Lost in Translation (2003) holds up better than it has any right to. Jet lag, culture shock, two displaced people finding something they can’t quite name in a Tokyo hotel. People have written it off as a film about white people being confused in Asia, which isn’t entirely unfair, but it’s also one of the most accurate films ever made about the specific weirdness of being awake at 4am in a country where you don’t speak the language.

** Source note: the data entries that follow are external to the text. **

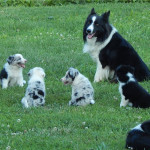 Border Collie puppies available for sell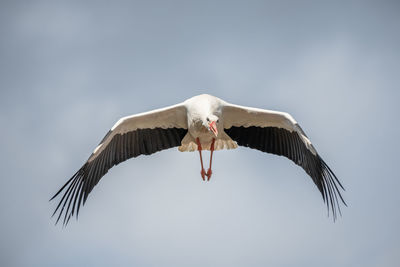 Low angle view of bird flying against clear sky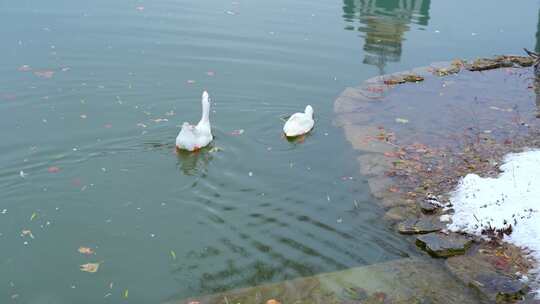 冬天湖中觅食的大白鹅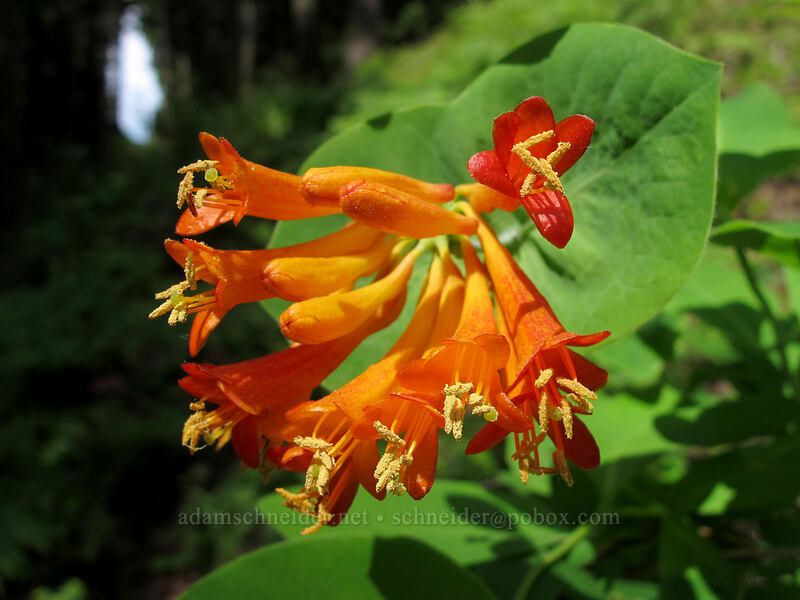 orange honeysuckle (Lonicera ciliosa) [Augspurger Trail, Gifford Pinchot National Forest, Skamania County, Washington]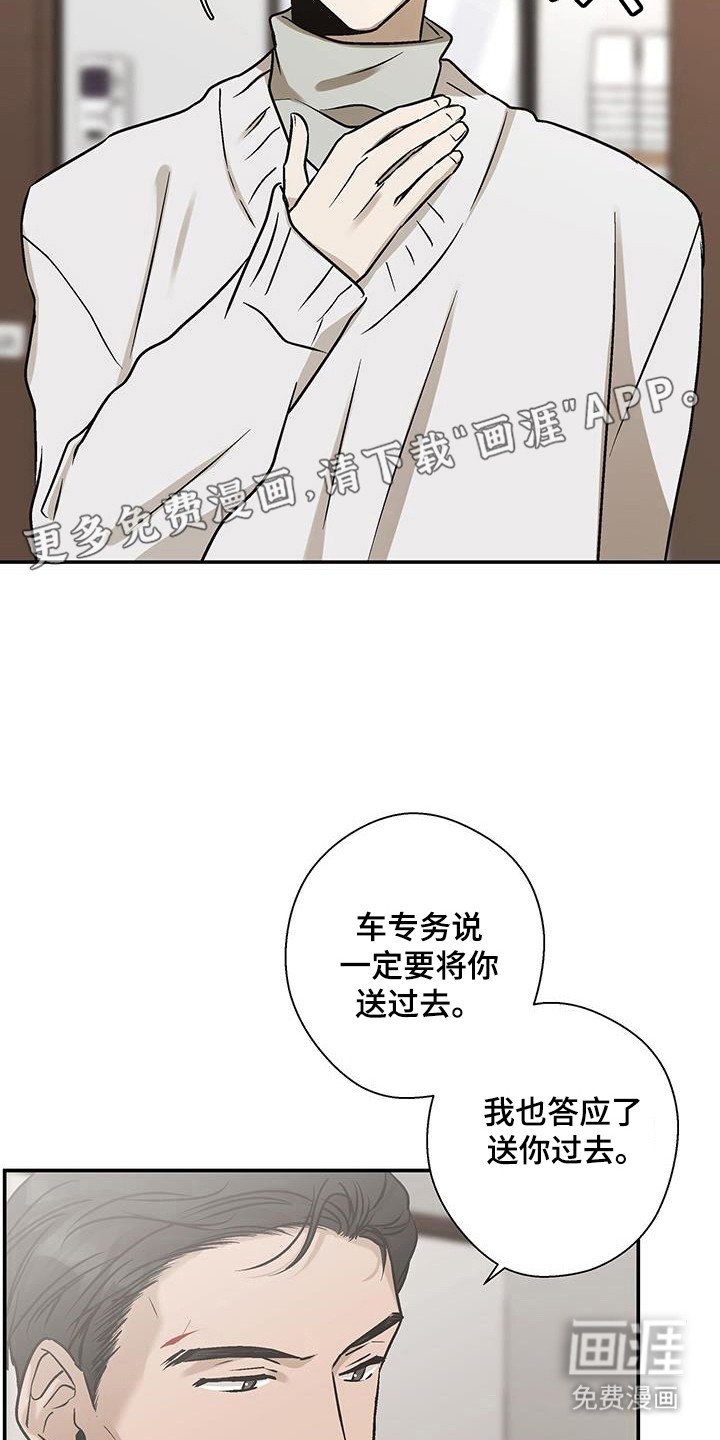 第31章：完美坠落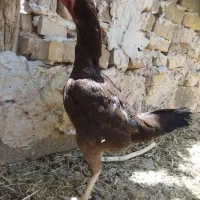 مرغ لاری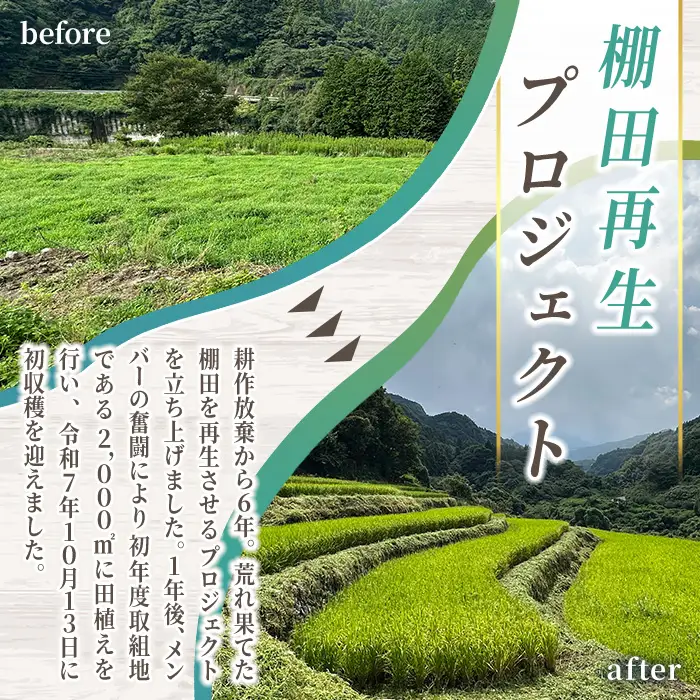 ＜令和7年産＞ひのひかり 掛け干し米 津房のめぐみ (2kg) 米 お米 白米 ご飯 棚田米【102600300】【津房地区まちづくり協議会】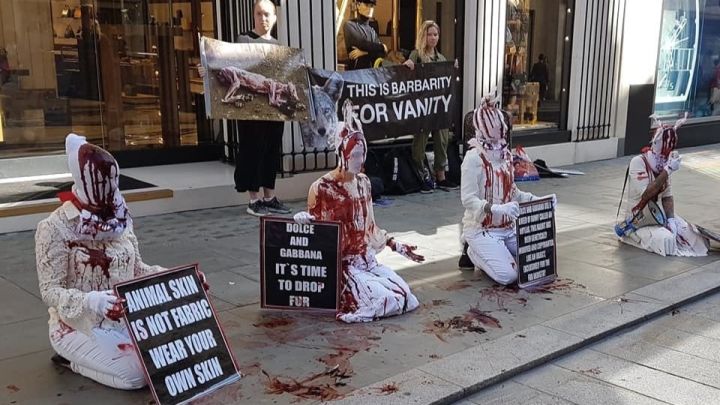 Animal rights protesters dressed in dust suits with fake blood. A banner reads "this is barbarity for vanity"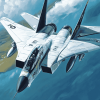 F 14 Tomcat Jets Diamond Painting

Wes Anderson’s The Darjeeling Limited (2007) is probably his most divisive film. Three brothers travel across India by train, working through their grief over their father’s death. Yes, it’s stylised. Yes, the India on screen is filtered through Anderson’s particular aesthetic. But the emotional journey is real and the film is funnier and sadder than people give it credit for.

City of God (2002)

I’m not sure if this is one to watch if you’re looking for inspiration for a trip to Rio, but I’m including it as it’s one of my favourite films ever! This is pure immersion into the slums of Rio de Janeiro, and will suck you in and spit you out in such a way, you forget you’re watching a film and think you are watching a documentary.

ADVENTURE FILMS

180° South (2010) follows a young filmmaker retracing the 1968 trip Yvon Chouinard and Doug Tompkins took to Patagonia, the journey that ended up shaping both Patagonia (the company) and decades of conservation work in Chile. It’s part travelogue, part environmental polemic. The landscapes are absurd.

Touching the Void (2003) is the story of two British climbers in the Peruvian Andes, one of whom breaks his leg near the summit. What follows is a survival story so unlikely you’d dismiss it as fiction if it weren’t true. The reconstructions are pieced together with interviews from the climbers themselves. It’s the only film I’ve ever watched that made me genuinely cold.

Meru (2015) is similar territory but in the Himalayas, with three climbers attempting a route that had defeated everyone who’d tried it. The mountaineering footage is extraordinary but the more interesting thing is the dynamic between the three men, particularly Conrad Anker, whose climbing partners have a tendency to die on him.

BINGE ON STREAMING

Anthony Bourdain’s Parts Unknown is still the best travel television ever made and probably always will be. Bourdain understood that food is just the way in, and that the real subject is always politics, history, the people who do the cooking and the people who eat it. The Beirut, Iran and Vietnam episodes are the place to start. The Hong Kong episode, shot partly by Christopher Doyle and aired after Bourdain’s death, is one of the most beautiful hours of television ever made.

Dark Tourist is the New Zealand journalist David Farrier visiting the kinds of places that turn up in nervous newspaper features. Cartel territory in Mexico, nuclear disaster sites, cult compounds. It’s uneven and occasionally a bit smug, but it’s also genuinely interesting on the question of why anyone goes anywhere, which is more than most travel television manages.

YOUTUBE HEROS

There are some incredible filmmakers, smashing out awe-inspiring travel films on YouTube. I’m going to steer clear of the typical egotistical content creators and self-indulgent travel bloggers, so here are some truly worthy of a mention.

Now here me out on this, because I sound a bit mental when suggesting you should watch a guy ride a unicycle around the world, but that’s exactly what Ed Pratt did! At 19 years old, he set off on what to most people would appear more suited to a short routine in the circus, than an epic trip around the world! But Ed did it, and he shot some incredible footage along the way.

Next is another rather lovely filmmaker called Harry Dwyer and his trip in a tiny little speedboat around the UK is another understated, but inspiring journey with some delightful storytelling and cinematography. Wonderfully British, totally bonkers but well worth getting stuck into.

Last but by no means least, is ‘Itchy Boots’ Noraly is a from Holland, but she is possibly one of the most inspiring female solo travellers out there. Immerse yourself in her travels around the world (her trips in Africa are sensational). She quit the real world, back in 2018 and has been travelling around the world by motorbike ever since.